Por Patrícia L. Paione Grinfeld

É bastante comum encontrarmos nas mídias dicas de como organizar os brinquedos das crianças, especialmente próximo do final do ano e férias – creio que por razões óbvias, já que passagem de ano inspira uma nova ordem ou, ao menos, uma tentativa de, e a bagunça da criançada é inevitável quando ficam mais tempo em casa.

Embora tais dicas sejam válidas do ponto de vista da organização do espaço físico, nem sempre elas levam em conta que as formas de organização refletem o espaço psíquico de cada um, seja adulto ou criança. É por isso que muita gente não topa que alguém tente organizar sua “bagunça”, aquela onde todos se perdem, mas o dono sempre se acha.

Para as crianças, quanto mais acesso elas tiverem aos seus pertences e brinquedos, mais autonomia elas terão e mais livres elas estarão para explorar, brincar, criar e, consequentemente, serem elas mesmas.

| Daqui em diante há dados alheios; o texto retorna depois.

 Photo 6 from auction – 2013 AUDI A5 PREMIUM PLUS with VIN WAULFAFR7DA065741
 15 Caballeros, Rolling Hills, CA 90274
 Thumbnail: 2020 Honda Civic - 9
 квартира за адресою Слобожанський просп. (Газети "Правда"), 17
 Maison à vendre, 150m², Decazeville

Isso não significa que os ambientes onde uma criança habita devam ser um campo coberto por sapatos desamarrados, roupas, escovas de dentes, bolas, blocos, jogos, carrinhos, bonecos, galhinhos de árvore e afins. A harmonia em um lar também depende de que cada coisa esteja em seu lugar (inclusive pessoas!). Porém, se o ritual da arrumação for imposto e não construído com e pela criança, ela não compreenderá o sentido de manter a ordem de suas coisas. Como resultado, surgem brigas infindáveis durante ou nos momentos em que uma tarefa ou brincadeira cessa; ou ainda, e o que é pior, corre-se o risco da criança perder o foco da atividade em detrimento da arrumação.

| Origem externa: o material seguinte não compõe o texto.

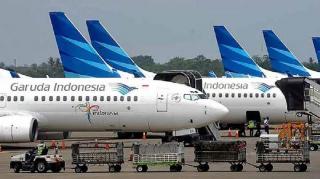 KirimAja, Layanan Pengiriman berbasis Digital Garuda Indonesia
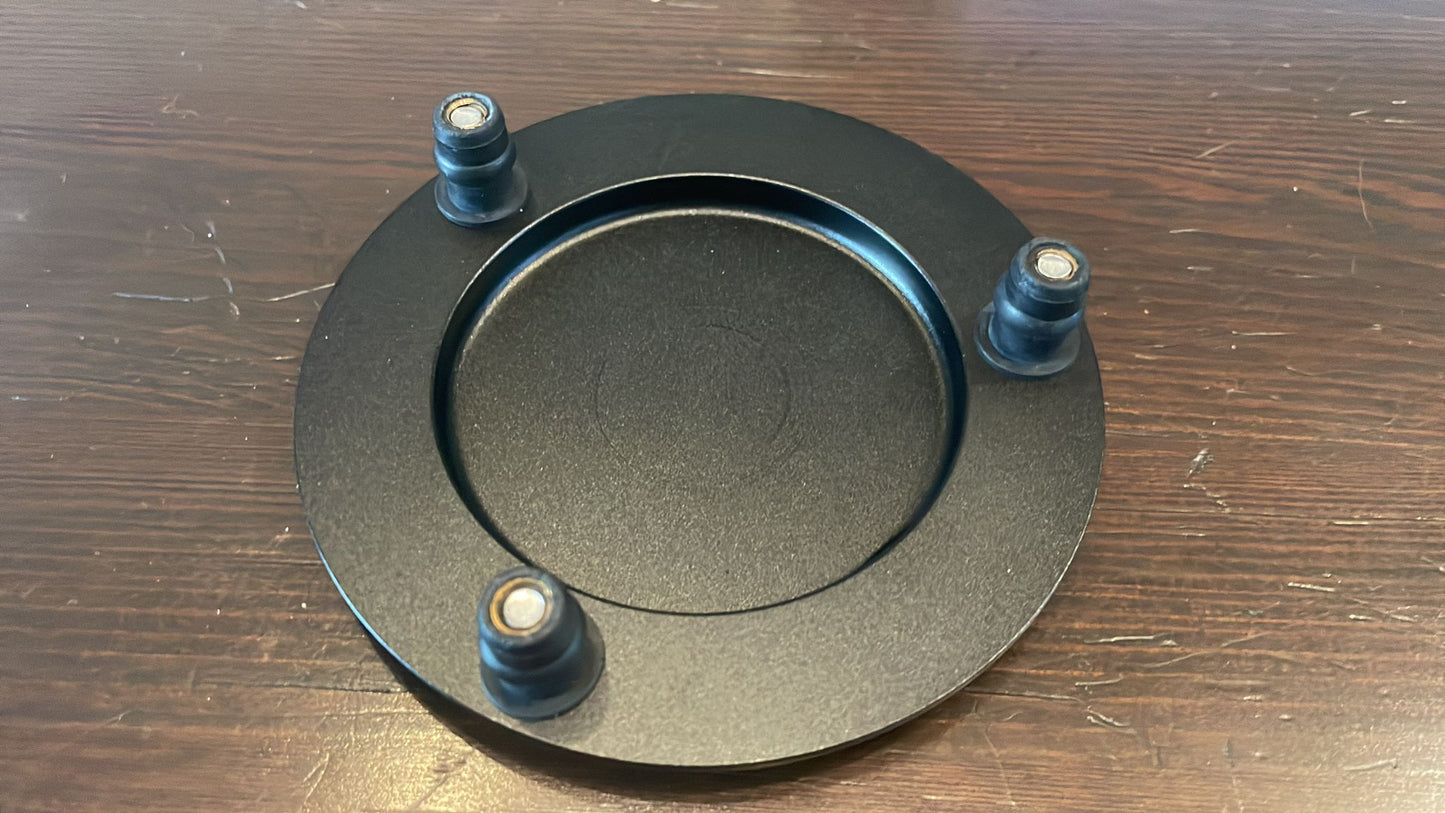 Abdeckung Variodeckel PIAGGO - Vespa GTS/ GTSSuper/ GTV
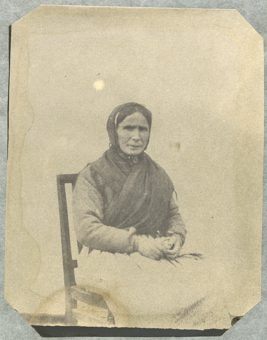 Diebold, Maria, alias Anna Maria Ling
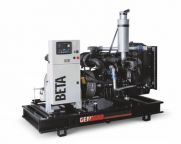 Дизельный генератор Genmac (Италия) G60JO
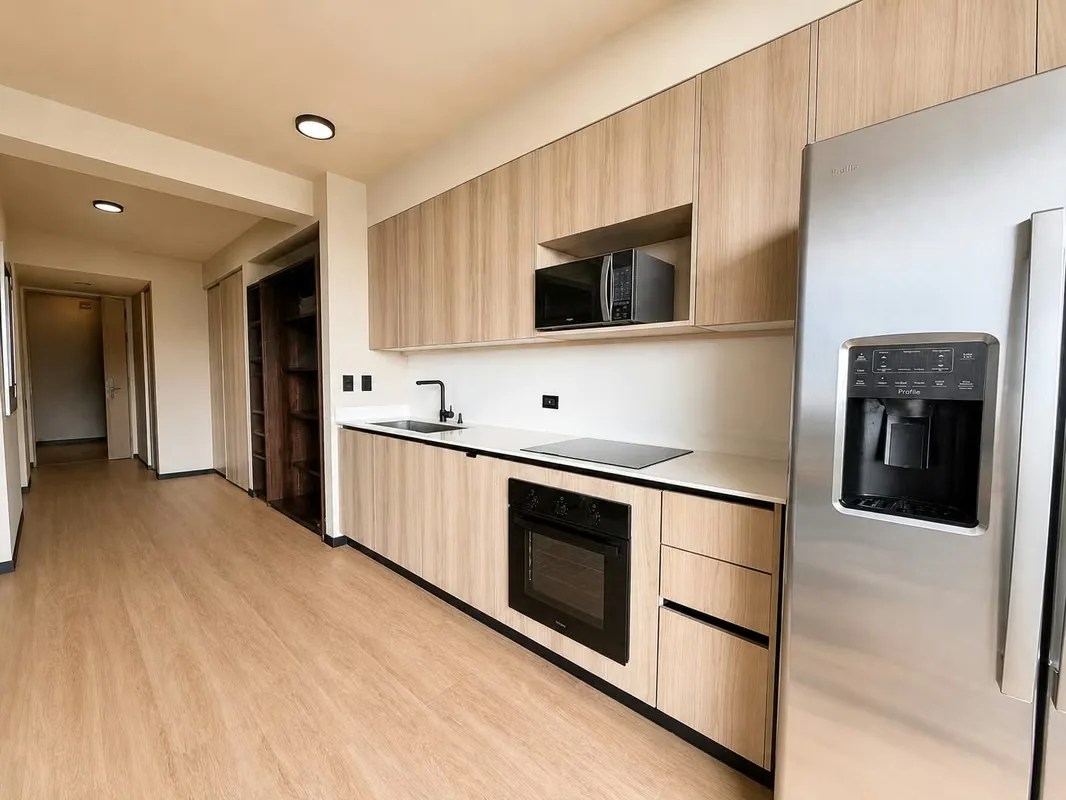 Le presentamos esta exclusiva residencia de 110 m², disponible para venta o alquiler completamente amoblada, ubicada en ..., photo 8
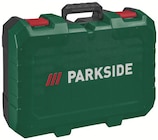 Akku-Winkelschleifer 20 V im Lidl Prospekt Akku-Winkelschleifer 20 V von Parkside im aktuellen Lidl Prospekt fĂŒr 24,99 âŹ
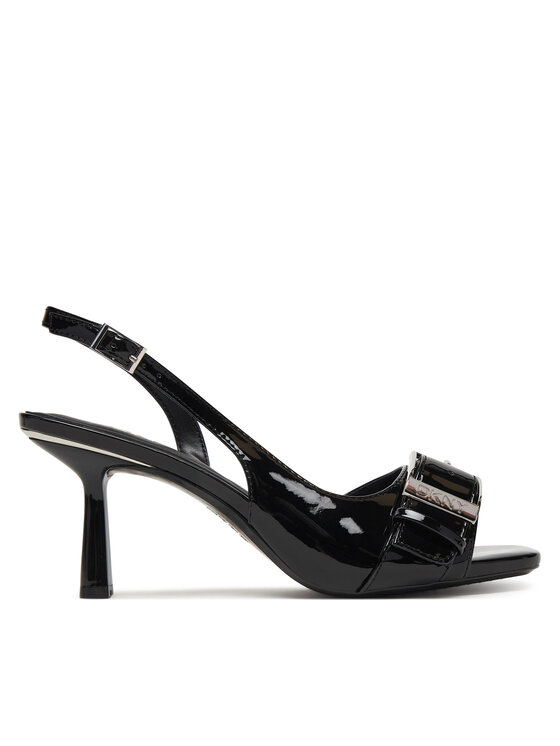 DKNY Sandalias DKNY Nolana K1621237 Negro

Até os 6-7 anos, a criança não consegue conservar seus próprios objetos organizados como os adultos costumam deixá-los. Ela ajuda a arrumá-los e precisa ser ajudada na arrumação (o que é diferente de ter preguiça), já que sozinha não dá conta da tarefa.  A partir desta idade as crianças começam a ter sua própria organização, que pode ser diferente da organização “ensinada” ou esperada pelo adulto. Como essa ordem representa a maneira como a criança se expressa e se encontra diante de suas coisas, ela precisa ser respeitada, exceto quando compromete a integridade de alguém ou de um ambiente (nesses casos é necessário explicar por que não se pode manter tal organização).

Para a criança, o mais interessante é que seus objetos estejam sempre ao seu alcance, e que os brinquedos possam ficar espalhados em um canto da casa durante o período em que ela está livre para brincar. As crianças param e reiniciam uma brincadeira, descobrem outra no meio do caminho. Quanto mais chance tiverem para escolher, usar e brincar com seus brinquedos, mais vivas elas serão. Se há um adulto com ela e o caos está muito grande, só faz sentido arrumar a bagunça se a arrumação favorecer a brincadeira que está acontecendo. Um jogo de dominó espalhado no chão, por exemplo, pode se transformar na mobília de uma casa, e só precisa ser guardado se ele é deixado de escanteio ou pisado no vai e vem da criança. A bagunça ou desorganização pode estar presente apenas aos olhos de quem está fora da brincadeira, pois para a criança, pode não haver nada de mais no tal caos.

Já que não dá para exigir dos pequenos a mesma arrumação proposta pelos adultos, os espaços de convivência e habitados pela criança devem ser pensados para que a autonomia e a possibilidade de escolha sejam favorecidas. É isso que, mais tarde, a possibilitará ter uma organização favorável ao seu modo de viver.

 

Nota: Este texto, publicado pela primeira vez em 10/03/2014 no antigo blog Ninguém Cresce Sozinho, foi revisado e alterado minimamente em seu conteúdo original pela autora.